Le responsable européen estime par ailleurs que l’Algérie et l’UE doivent être plus pragmatiques et efficaces. « En 2015-2016 un travail important avait été engagé dans ce sens conjointement par l’UE et l’Algérie. Les recommandations issues de ces échanges restent toujours d’actualité », a-t-il ajouté. Quid de l’aspect commercial de l’accord ? Sur cette question M. Borrell a expliqué que « les exportations de l’UE vers l’Algérie ont diminué de 45% depuis 2015 et la balance commerciale est en faveur de l’Algérie, si nous incluons les exportations d’hydrocarbures ». Il indiquera en outre que « comme les autorités algériennes, nous pensons qu’il existe un énorme potentiel non réalisé dans ce domaine.
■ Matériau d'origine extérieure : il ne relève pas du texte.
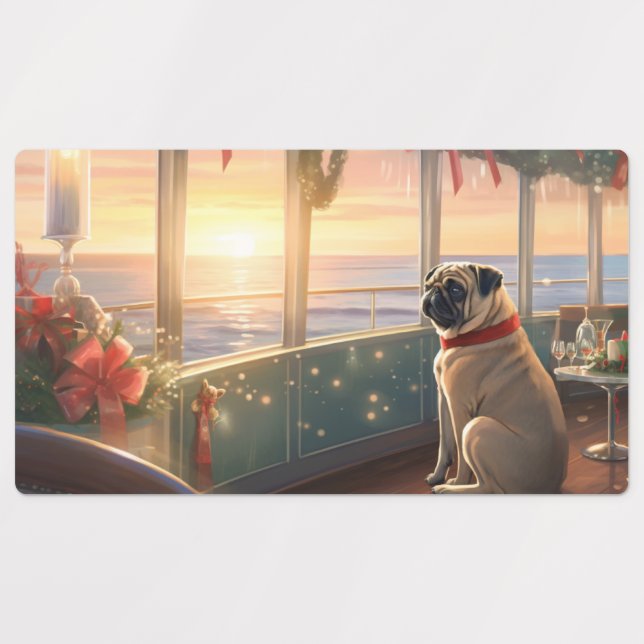 Weihnachten im Mops - Feierliche Hochzeit Etiketten (Design 3)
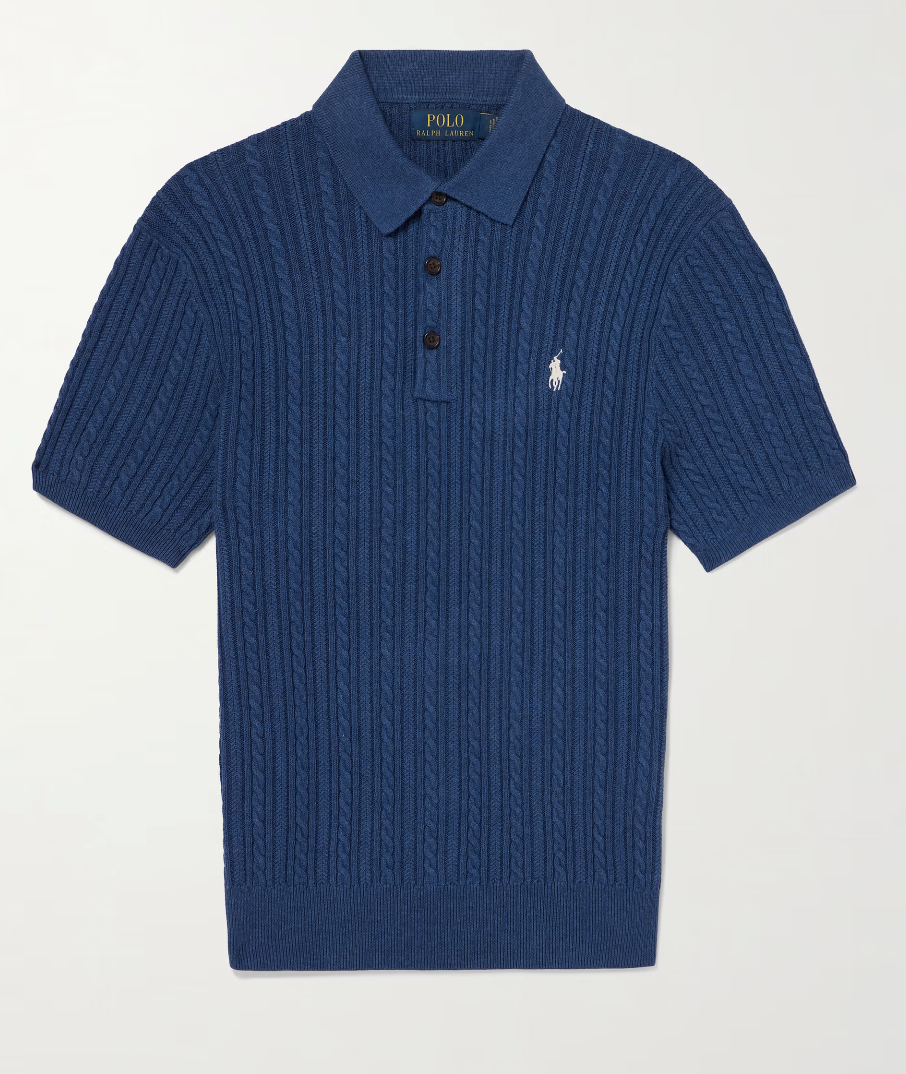 Cable-Knit Cotton Polo Shirt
Pour l’exploiter, il nous faut améliorer la mise en œuvre de l’Accord en vigueur. Les règles qu’il prévoit doivent en particulier être pleinement respectées, sans discriminations ». Toutefois, Josep Borrell ne ferme pas complètement la porte au dialogue. A ce sujet, il indique que l’UE « est, bien sûr, prête à écouter des propositions concrètes selon les règles prévues par l’Accord et sur la base de ce que nous faisons déjà avec d’autres partenaires ». Mais le fait est là, Bruxelles envoie des messages contradictoires.
L’Algérie partenaire énergétique clé de l’UE
Sur la coopération énergétique, le Haut représentant de l’Union européenne pour les Affaires étrangères et la Politique de sécurité a qualifié l’Algérie de « partenaire clé de l’UE ». « En tant que fournisseur fiable de gaz naturel, elle joue un rôle très important pour la sécurité des approvisionnements énergétiques européens, et ce, à un moment clé. Nous en sommes conscients et reconnaissants. Nous souhaitons consolider et approfondir ce partenariat mutuellement bénéfique en travaillant ensemble pour relever le double défi de la sécurité et de la soutenabilité énergétiques. Nous sommes prêts à intensifier la coopération euro-algérienne afin de faciliter les investissements dans ce domaine stratégique », a-t-il soutenu. Josep Borrell a néanmoins expliqué que l’UE veut aussi inscrire son partenariat avec l’Algérie dans une perspective de long terme. Il a ajouté que « les investissements européens dans de nouveaux projets d’infrastructure doivent servir à la transition énergétique, car l’Union Européenne entend atteindre la neutralité carbone comme convenu lors de la Conférence de Paris ». Par conséquent, a-t-il poursuivi, le soutien financier de l’UE se concentre sur les énergies renouvelables, l’efficacité énergétique et l’hydrogène. « L’Algérie dispose d’un excellent potentiel dans ces domaines, encore peu exploité. L’Europe est prête à mobiliser technologies et capitaux pour accompagner leur développement en Algérie », a assuré le responsable européen. La question qui se pose maintenant est de savoir s’il est du rôle de l’UE de mobiliser les capitaux pour investir en Algérie, d’autant que ce genre de question est tranché dans le cadre d’accords de partenariat entre entreprises.